Girit’te güzel şaraplar da üretiliyor. Özellikle beyaz şaraplar hem daha çok tüketiliyor, hem daha çok çeşitleri var. Tipik bir Girit sofrasında, şarap içimi mutlaka beyazla başlayıp kırmızıyla devam ediyor, hatta sonrasında tatlı şaraplarla tamamlanıyor. İlginç olan, aynı sofrada, hem uzo hem şarap içilmesi. Bizdeki gibi birisini seçip bütün akşamı ona ayırmak yerine Giritliler, birisiyle başlayıp diğeriyle devam ediyorlar. Üstelik de araya, bizde tüketimi hemen hiç olmayan bir içki türü daha katıyorlar; tsikoudia, yani Girit rakısı. Tsikoudia, üzümden üretilen, bizde boğma rakı denen türden anasonsuz bir tür rakı. Alkol derecesi yüksek olduğu için çok sert. Bu yüzden de tek yudumluk shot’lar halinde içilmesi adet. Ama böyle içildiği için az tüketildiği sanılmasın; tsikoudia yemeğe başlamadan yani şarap ve uzo’ya geçmeden önce içiliyor ve sofradaki kişi başı tüketimi altı yedi shot’tan aşağı pek düşmüyor. Bu konuda değinilmesi gereken bir başka şey de, pek çok kişinin evinde kendi rakısını kendisinin üretiyor olması.
Öykü anlatan ekmekler
Girit yemek kültüründe çok önemli bir yeri olan bir diğer yiyecek, ekmek.

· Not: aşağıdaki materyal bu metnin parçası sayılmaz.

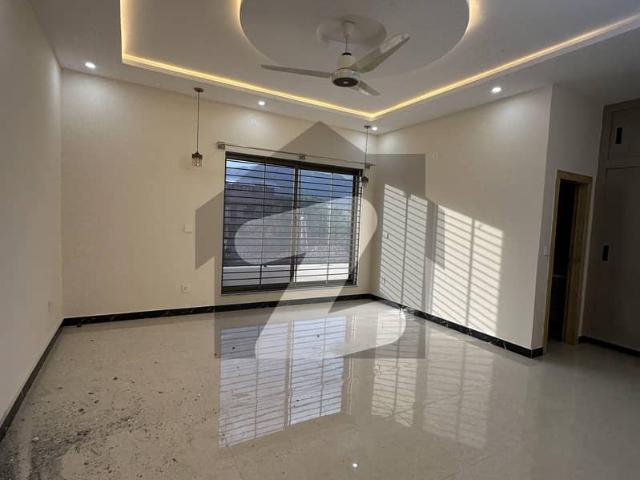 Brand New House for Rent in D 12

Ekmek Giritliler için sadece sofrada tüketilen bir yiyecek maddesi değil, başta bereket olmak üzere, yaşamın farklı boyutlarının bir simgesi. Özellikle bazı vesilelerle hazırlanan özel ekmekler tamamen bir şeylerin ifadesine aracı olarak kullanılıyor ve birer sanat eseri gibi özenle tasarlanıyor. Üzerleri desenli, nakışlı, resimli bu ekmeklerin her biri bir öykü anlatıyor. Kimisi vaftiz gibi dini bir amaç için, kimisi de düğün gibi kutlama gerektiren bir olay vesilesiyle yapılıyor. Bu ekmekler ve üzerlerine kendi hamurlarından yapılan süsler öyle farklı oluyor ki, bazen hamurlarına bir takım katkı maddeleri katılarak, yemek yerine uzun yıllar saklamak üzere duvara asılmaları tercih ediliyor. Ama bu sembolik anlamları bir yana, Girit’te yapılan köy ekmeklerinin, nohut ekmeğinin ve paskalya ekmeğinin lezzet benzerini bulmak gerçekten zor.

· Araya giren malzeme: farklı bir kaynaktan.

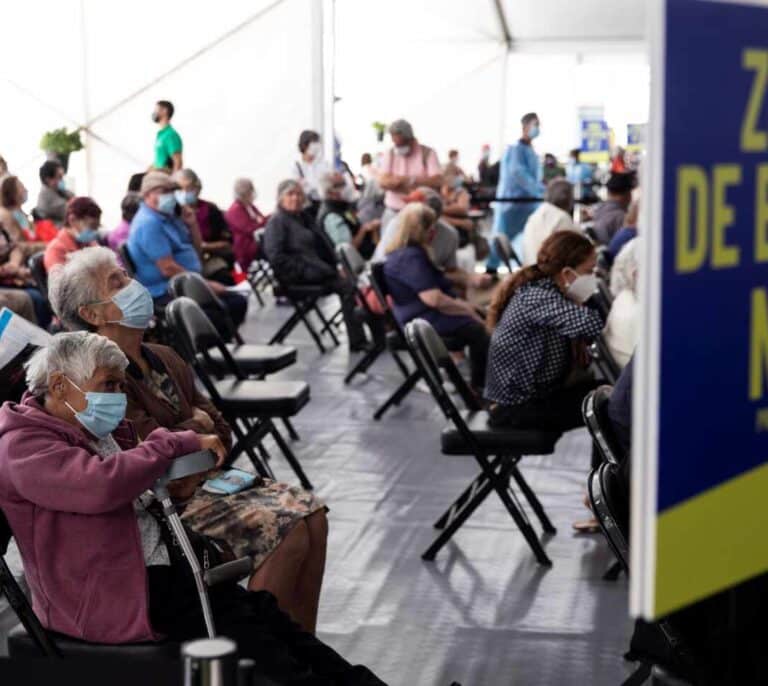 Galicia volverá a citar a los mayores de 80 años que rechazaron vacunarse: "Tenemos que convencerlos"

Tüm anlatılanlara ilaveten, zeytinli ahtapot, tarhunlu piliç, enginarlı veya ahtapotlu pilav, türlü çeşit peynirler (ki çoğu tıpkı arka bahçelerde damıtılan boğma rakı gibi ev yapımıdır), keçi peynirli ve ballı çörek, üzüm pekmezli incir tatlısı… Yiyecek ve içecek bu kadar çok güzel şey olunca, Girit’te yemekler, elde olmadan şölene dönüşüyor. Daha oturduğunuz sofra toplanmadan, bir sonraki öğünün sofraları kurulmaya başlıyor ve yeme-içmeler gecenin çok geç saatlerine sarkıyor. Akdeniz sıcakkanlılığının, Girit misafirperverliğinin ve iklimin insana huzur veren yumuşaklığının da etkisi var tabii ki bu sofra keyiflerinde ama tüm bunlar, yenenlerin eşsiz lezzetiyle taçlanıyor.